See eg https://ci.appveyor.com/project/ApacheSoftwareFoundation/arrow/builds/46696219. It seems to be related to int32 vs int64 being created

================================== FAILURES ===================================
_____________ TestZeroCopyConversion.test_zero_copy_dictionaries ______________
self = <pyarrow.tests.test_pandas.TestZeroCopyConversion object at 0x000001947D9150E0>
    def test_zero_copy_dictionaries(self):
        arr = pa.DictionaryArray.from_arrays(
            np.array([0, 0]),
            np.array([5]))
    
        result = arr.to_pandas(zero_copy_only=True)
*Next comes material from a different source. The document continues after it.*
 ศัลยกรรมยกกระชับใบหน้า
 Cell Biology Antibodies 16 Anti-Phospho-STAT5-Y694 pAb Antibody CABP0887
        values = pd.Categorical([5, 5])
    
>       tm.assert_series_equal(pd.Series(result), pd.Series(values),
                               check_names=False)
E       AssertionError: Attributes of Series are different
E       
E       Attribute "dtype" are different
E       [left]:  CategoricalDtype(categories=[5], ordered=False)
E       [right]: CategoricalDtype(categories=[5], ordered=False)
pyarrow\tests\test_pandas.py:2578: AssertionError
_______ test_dataset_read_pandas_common_metadata[_metadata-False-True] ________
tempdir = WindowsPath('C:/Users/appveyor/AppData/Local/Temp/1/pytest-of-appveyor/pytest-0/test_dataset_read_pandas_commo2')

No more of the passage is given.